HRW: Sudanese activist surfaces in detention

Sudanese authorities have confirmed that they are holding a vocal critic of the government who was forcibly disappeared in Egypt in October, 2018, Human Rights Watch said today.

Mohamed el Boshi who has been detained and facing several charges which carry the death penalty (HRW)

Sudanese authorities have confirmed that they are holding a vocal critic of the government who was forcibly disappeared in Egypt in October, 2018, Human Rights Watch said today.

Sudan’s national security authorities refused to provide information for weeks about the detention of the activist, Mohamed El Boshi, but announced charges against him on November 8.

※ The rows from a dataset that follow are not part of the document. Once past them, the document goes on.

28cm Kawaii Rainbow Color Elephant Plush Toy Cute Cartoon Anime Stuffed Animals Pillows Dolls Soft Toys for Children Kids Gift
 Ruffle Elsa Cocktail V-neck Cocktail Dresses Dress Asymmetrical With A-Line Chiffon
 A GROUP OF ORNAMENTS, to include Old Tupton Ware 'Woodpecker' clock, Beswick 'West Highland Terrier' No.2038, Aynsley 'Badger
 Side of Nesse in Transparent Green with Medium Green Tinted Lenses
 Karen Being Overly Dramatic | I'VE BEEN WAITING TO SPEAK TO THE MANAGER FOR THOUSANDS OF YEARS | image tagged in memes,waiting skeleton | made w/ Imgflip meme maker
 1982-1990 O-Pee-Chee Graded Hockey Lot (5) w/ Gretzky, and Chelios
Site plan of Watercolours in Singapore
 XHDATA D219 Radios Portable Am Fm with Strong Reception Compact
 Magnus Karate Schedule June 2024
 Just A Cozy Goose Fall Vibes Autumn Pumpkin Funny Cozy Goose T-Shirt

El Boshi, 35, was reported missing in Cairo on October 10, after five armed men believed to be Egyptian security agents arrived at his apartment building and searched his apartment, witnesses in Cairo told Human Rights Watch (HRW). News of El Boshi’s disappearance surfaced on social media the next day, amid activists’ fears that Egyptian authorities had returned him to Sudan.

On November 8, Sudan’s national security agency announced criminal charges against El Boshi for espionage and crimes against the state, which carry the death penalty. Sudanese officials have in recent years brought similar charges against other rights activists. el Boshi remains in national security custody, and family members and lawyers have not been permitted to visit him.

“Egyptian and Sudanese authorities cooperated in forcibly disappearing and returning an asylum-seeker to Sudan, in clear violation of international norms and the prohibitions on enforced disappearances, persecution, and torture,” said Jehanne Henry, associate Africa director at HRW. “Having unlawfully detained him for weeks, Sudan has now charged him with serious crimes that carry the death penalty.”

According to HRW, Sudan’s draconian National Intelligence and Security Service (NISS) is well-known for arbitrary detentions and abuse of detainees. Under the national security laws, officials have wide powers to arrest and detain people for up to four-and-a-half months without charge. The organisation and others have for years documented torture and abuse of detainees by NISS and urged reform of the agency.

Egypt and Sudan

In September, a Sudanese activist living in Cairo was harassed by the Egyptian security service in an attempt to make him stop his writings on social media that are considered hostile to the government of President Omar Al Bashir.

In August Egyptian authorities arrested activist Sudanese Mohamed Adam El Haj, known as Wad Teregul. His family said he was to be deported to Khartoum.

Relations between Egypt and Sudan have warmed in recent months. In July, Egypt refused entry to a prominent opposition leader, El Sadig El Mahdi, and Sudan seems to have ordered several Egyptian Muslim Brotherhood dissidents to leave the country in 2017.

Khartoum has recently announced to lift the bans on Egyptian industrial products and the entry of food products to Sudan, and will create a Media Code of Honour between the neighbouring countries.